Abstract

To evaluate whether a weekly diabetes registrar clinic and case discussions conducted over 12 weeks in primary care improves guideline management of type 2 diabetes (T2D). A registrar-led diabetes clinic was incorporated into two primary care practices in Tāmaki Makaurau Auckland for 3 months. Patients with T2D and albuminuria appearing on practice dashboards as not prescribed angiotensin-converting enzyme inhibitor/angiotensin receptor blocker (ACEi/ARB), or sodium-glucose cotransporter-2 inhibitor/glucagon-like peptide-1 receptor agonist (SGLT2i/GLP1RA) were booked into these clinics. Opportunistic education sessions were provided by the diabetes registrar and prescribers were surveyed to understand the challenges in management of T2D. Of 125 patients booked, 80 attended the registrar clinic. Of these, 68% were clinically suitable for SGLT2i/GLP1RA and 8% for ACEi/ARB. SGLT2i/GLP1RA were initiated in 92% and ACEi/ARB in 89% of eligible patients. Two patients had contraindications for SGLT2i/GLP1RA, and one patient declined both.
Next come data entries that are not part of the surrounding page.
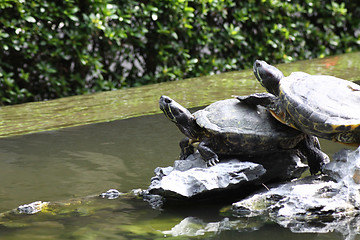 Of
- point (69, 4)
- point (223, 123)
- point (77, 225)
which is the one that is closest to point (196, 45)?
point (69, 4)

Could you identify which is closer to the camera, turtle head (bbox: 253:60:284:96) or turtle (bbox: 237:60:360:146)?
turtle (bbox: 237:60:360:146)

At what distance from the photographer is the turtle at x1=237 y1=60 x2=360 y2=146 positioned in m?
2.79

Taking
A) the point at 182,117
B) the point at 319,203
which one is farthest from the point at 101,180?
the point at 319,203

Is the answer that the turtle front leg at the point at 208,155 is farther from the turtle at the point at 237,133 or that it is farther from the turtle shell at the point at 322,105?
the turtle shell at the point at 322,105

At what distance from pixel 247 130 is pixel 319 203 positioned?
1.90ft

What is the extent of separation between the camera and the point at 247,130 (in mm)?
2984

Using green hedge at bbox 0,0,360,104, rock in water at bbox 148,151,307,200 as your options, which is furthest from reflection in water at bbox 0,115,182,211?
green hedge at bbox 0,0,360,104

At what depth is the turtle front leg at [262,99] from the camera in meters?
3.06

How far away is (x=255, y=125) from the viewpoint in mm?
3027

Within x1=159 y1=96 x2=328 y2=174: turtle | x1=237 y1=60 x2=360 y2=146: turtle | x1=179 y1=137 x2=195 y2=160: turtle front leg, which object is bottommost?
x1=179 y1=137 x2=195 y2=160: turtle front leg

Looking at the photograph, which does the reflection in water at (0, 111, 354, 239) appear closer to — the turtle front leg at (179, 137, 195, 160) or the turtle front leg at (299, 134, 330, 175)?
the turtle front leg at (179, 137, 195, 160)

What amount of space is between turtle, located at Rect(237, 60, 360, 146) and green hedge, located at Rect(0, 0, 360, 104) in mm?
4143

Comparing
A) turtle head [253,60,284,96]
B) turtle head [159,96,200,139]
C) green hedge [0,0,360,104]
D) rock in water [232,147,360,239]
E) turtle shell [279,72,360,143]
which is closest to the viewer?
rock in water [232,147,360,239]

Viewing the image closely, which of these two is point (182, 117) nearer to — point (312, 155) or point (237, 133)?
point (237, 133) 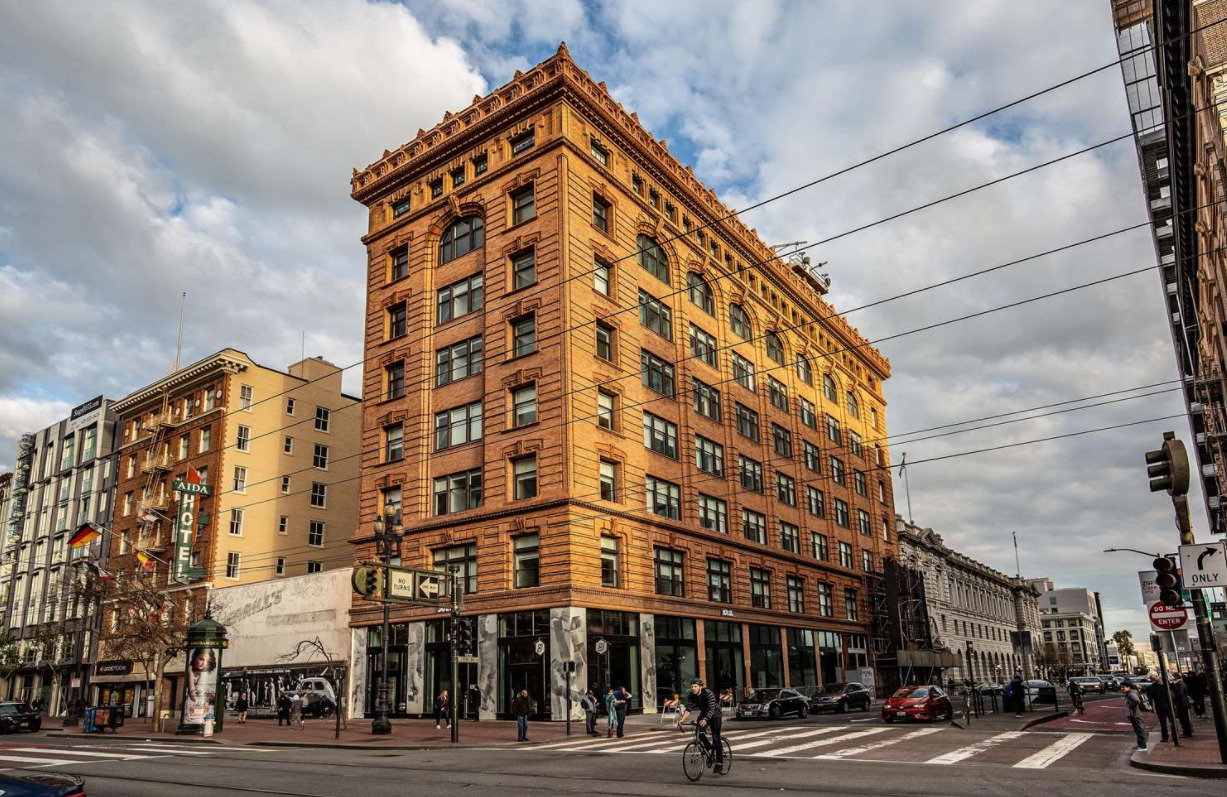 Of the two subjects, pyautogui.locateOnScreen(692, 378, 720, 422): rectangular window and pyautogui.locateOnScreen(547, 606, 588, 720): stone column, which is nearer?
pyautogui.locateOnScreen(547, 606, 588, 720): stone column

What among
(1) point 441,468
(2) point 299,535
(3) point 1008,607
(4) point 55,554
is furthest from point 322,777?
(3) point 1008,607

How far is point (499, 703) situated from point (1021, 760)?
23473mm

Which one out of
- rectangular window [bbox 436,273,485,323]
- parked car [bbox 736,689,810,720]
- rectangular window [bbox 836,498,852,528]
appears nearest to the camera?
parked car [bbox 736,689,810,720]

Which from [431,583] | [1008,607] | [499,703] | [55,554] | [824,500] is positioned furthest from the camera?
[1008,607]

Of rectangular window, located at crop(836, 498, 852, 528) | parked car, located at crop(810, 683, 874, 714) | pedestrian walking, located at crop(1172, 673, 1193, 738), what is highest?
rectangular window, located at crop(836, 498, 852, 528)

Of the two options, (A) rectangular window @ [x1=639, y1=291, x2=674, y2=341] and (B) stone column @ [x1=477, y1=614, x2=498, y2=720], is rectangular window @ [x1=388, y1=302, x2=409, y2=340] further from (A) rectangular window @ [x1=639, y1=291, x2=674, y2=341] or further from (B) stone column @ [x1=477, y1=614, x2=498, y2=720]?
(B) stone column @ [x1=477, y1=614, x2=498, y2=720]

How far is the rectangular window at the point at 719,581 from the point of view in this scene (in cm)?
4669

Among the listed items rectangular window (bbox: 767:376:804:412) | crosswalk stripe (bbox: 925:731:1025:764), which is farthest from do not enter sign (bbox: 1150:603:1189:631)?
rectangular window (bbox: 767:376:804:412)

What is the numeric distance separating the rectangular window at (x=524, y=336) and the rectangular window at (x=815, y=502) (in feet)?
92.8

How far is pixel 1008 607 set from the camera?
120000 mm

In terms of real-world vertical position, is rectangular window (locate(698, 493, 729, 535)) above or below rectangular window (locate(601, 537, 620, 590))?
above

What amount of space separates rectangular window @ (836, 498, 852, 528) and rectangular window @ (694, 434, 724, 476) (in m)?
19.7

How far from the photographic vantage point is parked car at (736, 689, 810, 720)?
37219 millimetres

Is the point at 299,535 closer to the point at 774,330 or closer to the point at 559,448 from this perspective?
the point at 559,448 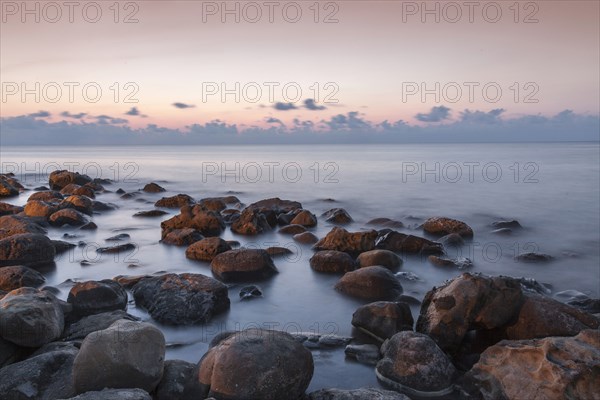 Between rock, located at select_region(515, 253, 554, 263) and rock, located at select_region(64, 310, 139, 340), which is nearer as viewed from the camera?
rock, located at select_region(64, 310, 139, 340)

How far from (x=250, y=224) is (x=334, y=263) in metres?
4.57

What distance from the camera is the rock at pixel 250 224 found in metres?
13.6

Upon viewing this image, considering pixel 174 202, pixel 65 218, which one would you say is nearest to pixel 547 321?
pixel 65 218

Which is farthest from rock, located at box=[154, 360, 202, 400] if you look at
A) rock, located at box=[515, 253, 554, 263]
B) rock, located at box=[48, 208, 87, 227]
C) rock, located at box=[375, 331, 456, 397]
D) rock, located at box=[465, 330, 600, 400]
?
rock, located at box=[48, 208, 87, 227]

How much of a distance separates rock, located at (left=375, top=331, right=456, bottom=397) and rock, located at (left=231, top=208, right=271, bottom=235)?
335 inches

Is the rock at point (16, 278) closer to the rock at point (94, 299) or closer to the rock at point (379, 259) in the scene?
the rock at point (94, 299)

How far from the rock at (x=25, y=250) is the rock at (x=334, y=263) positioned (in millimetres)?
5600

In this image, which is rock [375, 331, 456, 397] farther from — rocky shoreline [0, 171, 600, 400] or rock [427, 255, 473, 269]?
rock [427, 255, 473, 269]

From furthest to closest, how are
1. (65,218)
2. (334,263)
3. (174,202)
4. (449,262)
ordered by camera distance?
(174,202)
(65,218)
(449,262)
(334,263)

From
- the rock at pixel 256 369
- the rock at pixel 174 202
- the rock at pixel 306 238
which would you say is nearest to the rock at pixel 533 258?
the rock at pixel 306 238

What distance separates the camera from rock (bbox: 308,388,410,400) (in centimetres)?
458

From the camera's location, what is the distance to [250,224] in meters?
13.7

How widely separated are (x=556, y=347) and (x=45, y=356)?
17.0ft

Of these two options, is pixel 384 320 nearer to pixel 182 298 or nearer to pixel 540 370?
pixel 540 370
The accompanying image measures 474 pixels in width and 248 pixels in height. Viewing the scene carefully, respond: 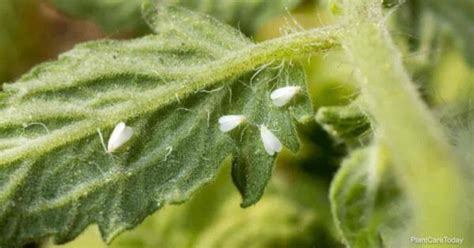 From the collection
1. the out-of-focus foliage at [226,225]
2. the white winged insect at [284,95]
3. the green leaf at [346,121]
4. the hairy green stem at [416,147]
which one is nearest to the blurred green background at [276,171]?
the out-of-focus foliage at [226,225]

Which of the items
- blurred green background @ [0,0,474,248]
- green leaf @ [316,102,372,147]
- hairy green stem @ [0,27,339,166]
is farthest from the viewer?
blurred green background @ [0,0,474,248]

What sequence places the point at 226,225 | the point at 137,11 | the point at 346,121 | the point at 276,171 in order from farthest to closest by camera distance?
the point at 276,171 → the point at 137,11 → the point at 226,225 → the point at 346,121

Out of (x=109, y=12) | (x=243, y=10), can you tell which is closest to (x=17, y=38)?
(x=109, y=12)

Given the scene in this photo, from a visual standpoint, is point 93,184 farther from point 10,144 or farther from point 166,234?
point 166,234

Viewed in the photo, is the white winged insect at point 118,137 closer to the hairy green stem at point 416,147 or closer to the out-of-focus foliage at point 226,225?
the hairy green stem at point 416,147

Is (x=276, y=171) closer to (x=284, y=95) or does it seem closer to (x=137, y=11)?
(x=137, y=11)

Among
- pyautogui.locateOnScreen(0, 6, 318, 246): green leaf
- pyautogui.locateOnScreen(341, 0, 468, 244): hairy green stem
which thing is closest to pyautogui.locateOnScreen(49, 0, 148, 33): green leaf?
pyautogui.locateOnScreen(0, 6, 318, 246): green leaf

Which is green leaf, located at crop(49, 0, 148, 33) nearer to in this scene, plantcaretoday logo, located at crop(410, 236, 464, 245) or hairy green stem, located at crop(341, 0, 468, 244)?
hairy green stem, located at crop(341, 0, 468, 244) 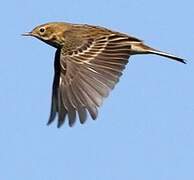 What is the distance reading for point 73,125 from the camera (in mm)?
10391

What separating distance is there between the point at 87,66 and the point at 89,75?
0.27 m

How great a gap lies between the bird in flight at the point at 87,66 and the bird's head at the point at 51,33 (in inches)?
4.7

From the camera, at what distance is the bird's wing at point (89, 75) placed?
1049 centimetres

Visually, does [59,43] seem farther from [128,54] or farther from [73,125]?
[73,125]

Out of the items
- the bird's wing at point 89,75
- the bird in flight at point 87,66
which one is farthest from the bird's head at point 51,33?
the bird's wing at point 89,75

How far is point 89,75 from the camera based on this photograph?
10.9m

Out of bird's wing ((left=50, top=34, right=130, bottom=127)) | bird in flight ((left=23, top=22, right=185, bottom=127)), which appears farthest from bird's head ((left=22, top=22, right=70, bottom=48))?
bird's wing ((left=50, top=34, right=130, bottom=127))

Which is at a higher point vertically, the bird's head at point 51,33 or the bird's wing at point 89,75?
the bird's head at point 51,33

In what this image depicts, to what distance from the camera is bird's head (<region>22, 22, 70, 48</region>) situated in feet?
43.3

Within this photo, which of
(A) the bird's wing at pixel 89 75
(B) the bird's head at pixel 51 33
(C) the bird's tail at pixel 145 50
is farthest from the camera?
(B) the bird's head at pixel 51 33

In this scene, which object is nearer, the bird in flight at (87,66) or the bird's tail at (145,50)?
the bird in flight at (87,66)

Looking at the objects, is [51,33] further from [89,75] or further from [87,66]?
[89,75]

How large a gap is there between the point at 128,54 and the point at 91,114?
5.12 feet

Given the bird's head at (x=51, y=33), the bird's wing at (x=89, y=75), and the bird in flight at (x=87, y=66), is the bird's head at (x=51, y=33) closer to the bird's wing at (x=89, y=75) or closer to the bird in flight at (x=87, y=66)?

Additional cardiorenal medications were initiated in 16% of patients. Survey responses of 12 prescribers indicated acute illness takes priority over diabetes management, and lack of time and knowledge are main barriers to optimising diabetes care. A visiting diabetes registrar intervention was successful in initiating guideline medications for T2D in primary care. It remains to be evaluated whether this leads to practice-wide improvements in prescribing gaps in the short or longer term.